▶ **Problem to solve**
Pictures must not appear; the answer is exactly the lines from the one that holds "Modifikasi Honda Mobillio" through the end of the material.

▶ **Provided data**
Content starts
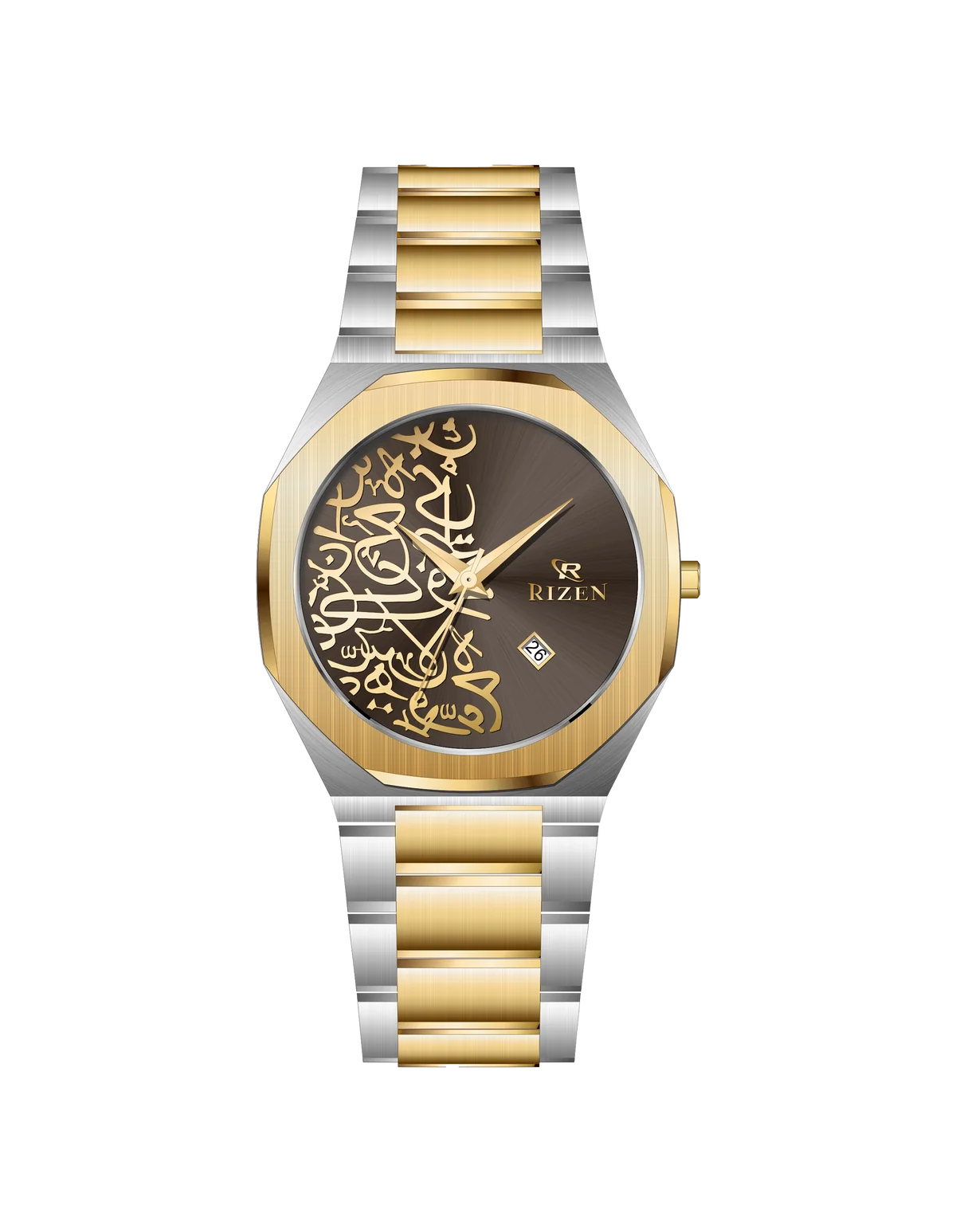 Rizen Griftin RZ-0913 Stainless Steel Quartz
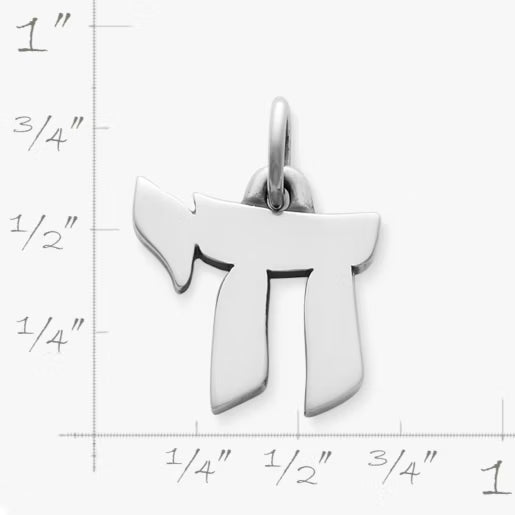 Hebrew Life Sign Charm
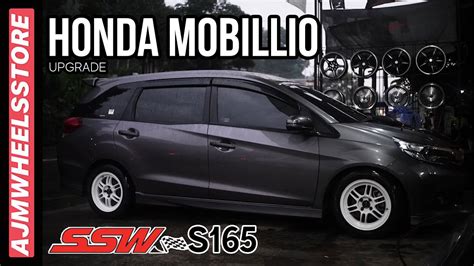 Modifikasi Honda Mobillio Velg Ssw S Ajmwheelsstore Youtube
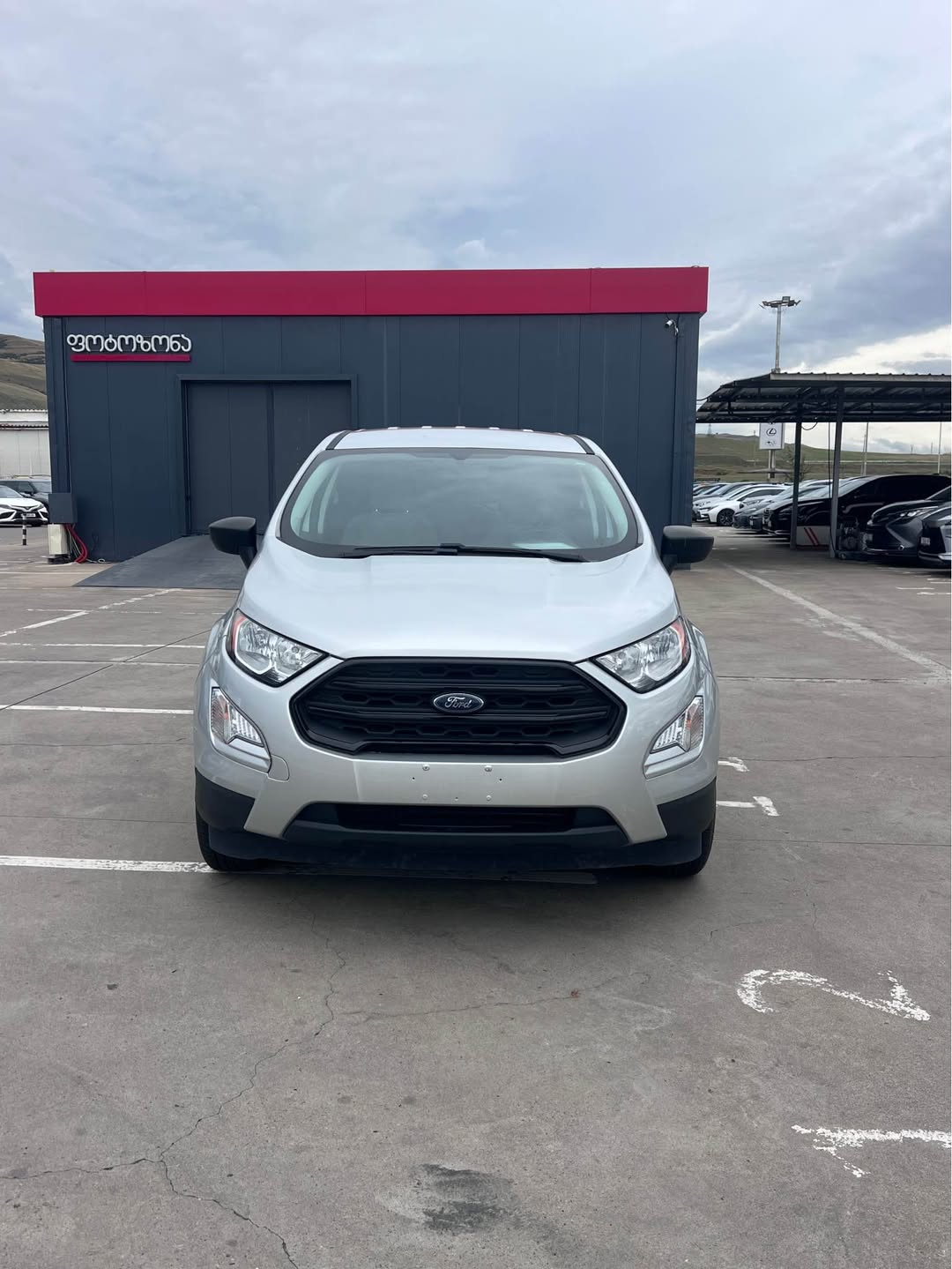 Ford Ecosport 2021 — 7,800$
Content ends
▶ **Finished exercise**
 Modifikasi Honda Mobillio Velg Ssw S Ajmwheelsstore Youtube
 Ford Ecosport 2021 — 7,800$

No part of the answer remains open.